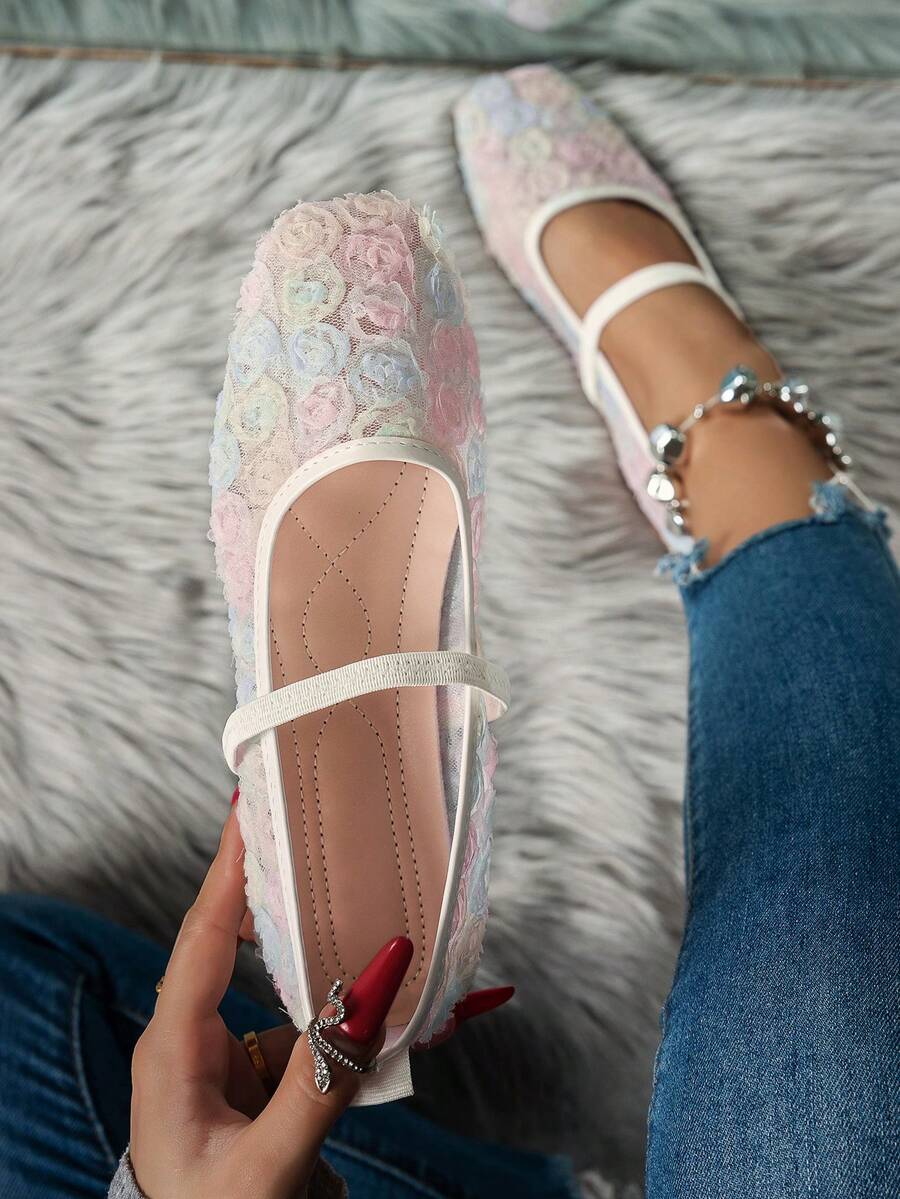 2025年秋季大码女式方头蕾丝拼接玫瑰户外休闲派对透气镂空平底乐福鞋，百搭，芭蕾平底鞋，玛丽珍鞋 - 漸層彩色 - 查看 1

####

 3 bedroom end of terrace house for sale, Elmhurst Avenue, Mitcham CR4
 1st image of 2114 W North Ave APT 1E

####

▶ _WORK TO BE COMPLETED_:
The response should be the listing above, limited to the lines between the one holding "3 bedroom end" and the one holding "1st image of 2114 W North Ave APT 1E", inclusive, reproduced exactly.

▶ _EXPECTED OUTPUT_:
 3 bedroom end of terrace house for sale, Elmhurst Avenue, Mitcham CR4
 1st image of 2114 W North Ave APT 1E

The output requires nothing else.